A gas barrier film in which a vapor deposition layer composed of an inorganic compound and a gas barrier layer are sequentially laminated on at least one surface of a substrate made of a polyester film,
The gas barrier layer comprises (a) an unsaturated nitrile having a proportion of 25 to 40% by weight in the copolymer and (b) an unsaturated compound having a hydroxyl group of 20 to 30% by weight in the copolymer. And (c) a monomer comprising three components of one or more unsaturated compounds selected from the group consisting of unsaturated carboxylic acid esters, styrene, unsaturated carboxylic acids, unsaturated hydrocarbons and vinyl esters.

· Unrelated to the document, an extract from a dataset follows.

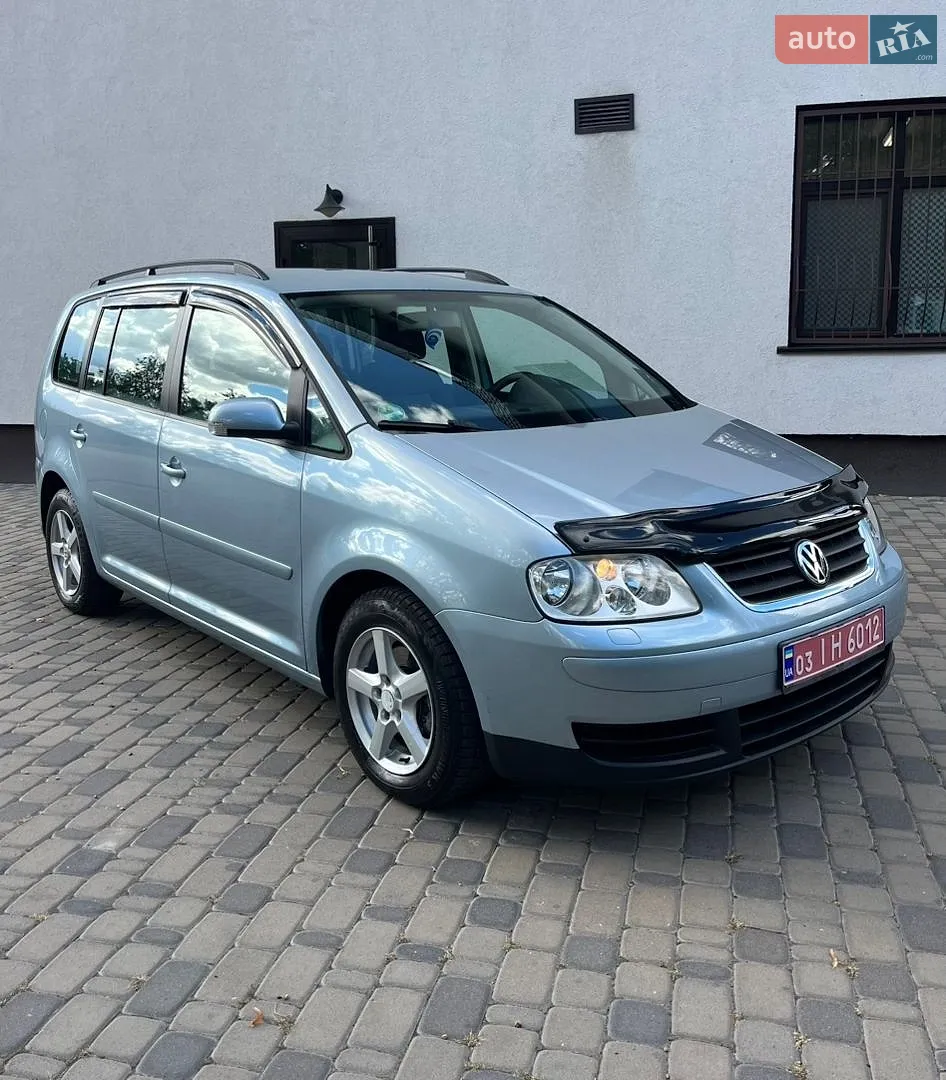 Volkswagen Touran, 2006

A gas barrier film composed of a main agent composed of a polymer and a curing agent composed of a compound having an isocyanate group.   2. The gas barrier film according to claim 1, wherein the component (a) of the main agent forming the gas barrier resin layer is acrylonitrile.   The gas barrier film according to claim 1 or 2, wherein the component (b) of the main agent forming the gas barrier resin layer is 2-hydroxyethyl methacrylate.   The gas barrier film according to any one of claims 1 to 3, wherein the component (c) of the main agent forming the gas barrier resin layer is methyl methacrylate.   The gas barrier film according to any one of claims 1 to 4, wherein component (c) of the main agent forming the gas barrier resin layer is contained in an amount of 25 to 60% by weight in the copolymer.   The gas barrier film according to claim 1, wherein the inorganic compound forming the vapor deposition layer is a metal oxide.   The gas barrier film according to claim 6, wherein the metal oxide is at least one selected from the group consisting of aluminum oxide, silicon oxide, and silicon oxynitride. A packaging material for retort using the gas barrier film according to any one of claims 1 to 7.